Why We Love Halloween—And It’s Not the Candy
As the fall leaves begin to change color and the nights become a little brisker, the back-to-school season quickly swings to the Halloween season at our home. I have four children who all agree Halloween is their favorite holiday. What is it about dressing up and trick-or-treating that makes this holiday so beloved?
Straddling fall and winter, Halloween is a time of celebration as well as superstition. It’s believed to have originated in an ancient Celtic festival where villagers would light bonfires and wear costumes to ward off roaming ghosts. In the eighth century, Pope Gregory III designated November 1 as a day to honor saints and martyrs. Very quickly the evening before this became known as All Hallows Eve and later Halloween.
Over time Halloween evolved into a community-based, child-friendly, trick-or-treating extravaganza that happens across cultures in many parts of the world. From a witch hunt to a community connector, Halloween brings joy to those who love it.
Here are some reasons why Halloween is so great.
1. Allows You to Express Your Creativity
Halloween inspires creativity and there seems to be no limits or boundaries to what or whom you can become. On Halloween there’s no script, there’s no plan; you can choose an identity that feels exciting and new. Whether you make your own costume starting months in advance or you purchase one the day before, there is creativity involved in make believing you are someone different than your normal everyday persona.

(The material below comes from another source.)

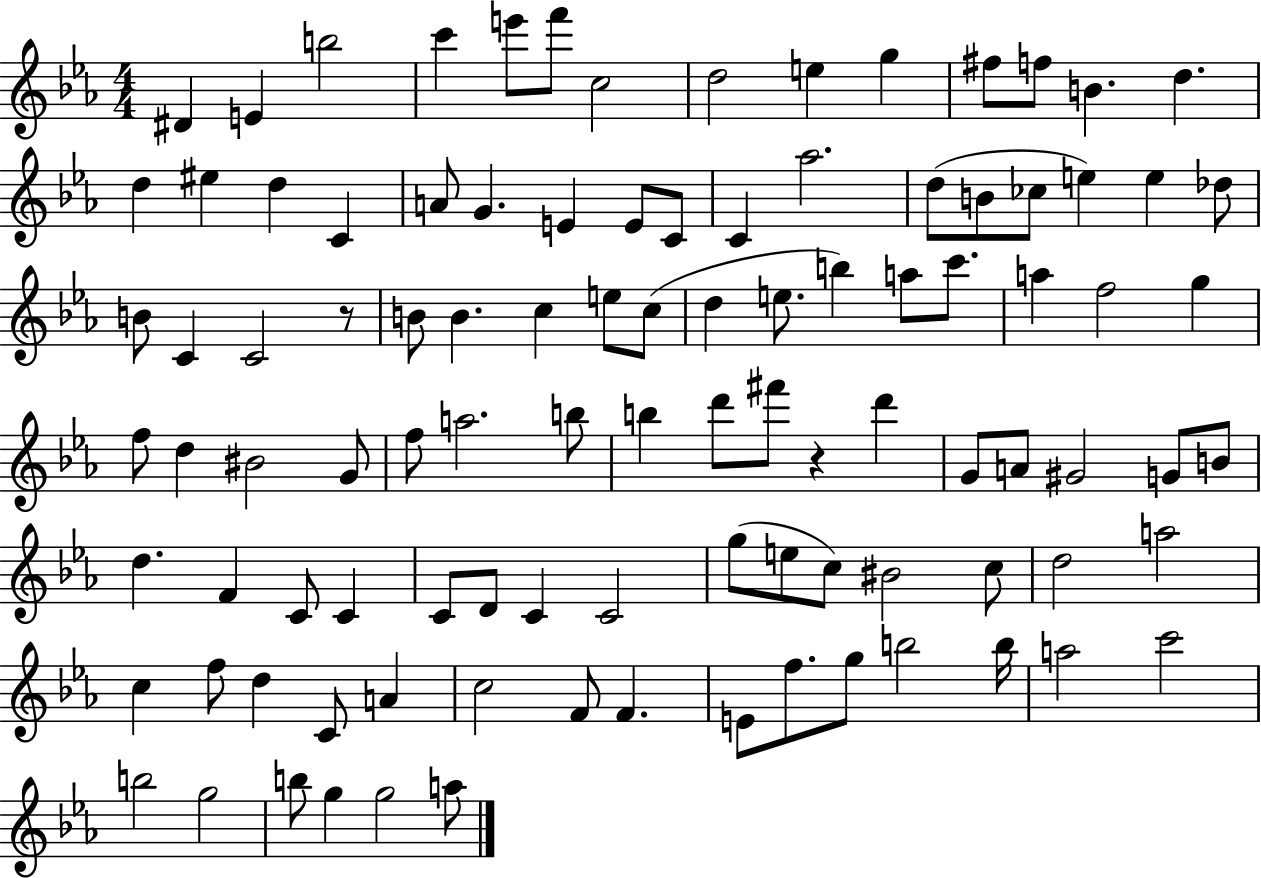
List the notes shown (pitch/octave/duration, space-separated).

D#4/q E4/q B5/h C6/q E6/e F6/e C5/h D5/h E5/q G5/q F#5/e F5/e B4/q. D5/q. D5/q EIS5/q D5/q C4/q A4/e G4/q. E4/q E4/e C4/e C4/q Ab5/h. D5/e B4/e CES5/e E5/q E5/q Db5/e B4/e C4/q C4/h R/e B4/e B4/q. C5/q E5/e C5/e D5/q E5/e. B5/q A5/e C6/e. A5/q F5/h G5/q F5/e D5/q BIS4/h G4/e F5/e A5/h. B5/e B5/q D6/e F#6/e R/q D6/q G4/e A4/e G#4/h G4/e B4/e D5/q. F4/q C4/e C4/q C4/e D4/e C4/q C4/h G5/e E5/e C5/e BIS4/h C5/e D5/h A5/h C5/q F5/e D5/q C4/e A4/q C5/h F4/e F4/q. E4/e F5/e. G5/e B5/h B5/s A5/h C6/h B5/h G5/h B5/e G5/q G5/h A5/e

2. Encourages You to Play with Your Archetypes
Archetypes are mythical stories involving heroes and heroines. They have themes that reside at the level of the collective soul. Archetypes demonstrate traits we admire and that inspire us. Their stories resonate with us at a genetic level and the universal theme of their tales is known across cultures. Anytime a person is expressing themselves as bigger than life, you are seeing their archetype come alive.
You can probably think of someone in your social sphere who loves and connects to nature in a “mother nature” kind of way or someone who exudes the childish wonder, purity, and wisdom of Dorothy from the Wizard of Oz. The hero, the explorer, the rebel, and the healer are just a few more common archetypes.

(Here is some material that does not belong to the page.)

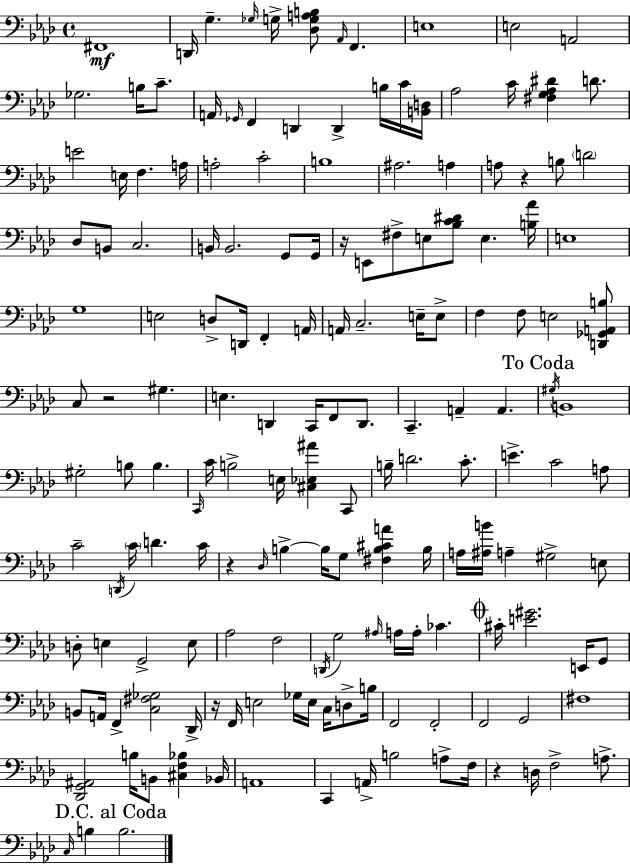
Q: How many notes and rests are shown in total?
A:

Every human has some type of connection to an archetype—and in costume form on Halloween, you are allowed to play out your dreams, your aspirations, and your archetype fantasy.
3. Strengthens Community Involvement
Life can be very busy and, quite often, you take the car from the garage, to work, to the grocery store, to the school pickup, to soccer, and back to the garage without really feeling connected to your neighbors or your neighborhood. Halloween is a time where we come together outside regardless of the weather and spend time walking together. Halloween isn’t stopped by rain, snow, wind, or hail. Spending time together and feeling like a community strengthens us.
4. Promotes Getting Outside
If you are like many Americans, the majority of your life is spent inside. Many spend eight hours each day sitting at a desk with unnatural lighting and staring at a computer. When you do get outside, it is often in a frenzy of hurried activity like “going for a quick run.” Trick-or-treating allows for a slow walk outdoors where you have no goal other than to enjoy the evening. Take notice of the sounds and smells as you enjoy time outside as a family.
5. Encourages Giving and Receiving
When your little ghouls and goblins stumble up the stairs to say “trick or treat” to an elderly neighbor, they bring with them the vitality of youth, which is contagious and all too often missing from seniors’ lives. Then the little ones receive a treat to reward their effort, bringing to mind the Law of Giving and Receiving, which is always great to put into practice.
6. And of Course, the TREATS
When the trick or treating is done, the fun of tallying the candy and seeing what appears from the loot bags is always a special part of the night. Over my 20 years as a parent, I have explored letting the kids trade their candy in for a small toy, encouraging them to choose pieces and donate the rest to a woman’s shelter or just letting them have at it.
In the end, just remember not to make your parenting feel like policing of their loot. Teaching them to learn their own healthy habits is more empowering than having them strictly follow your candy rules. And talking about it opens great dialogue about health and balance.
A night of costumes, candy, and children doesn’t have to be a nightmare. It is all in your perspective.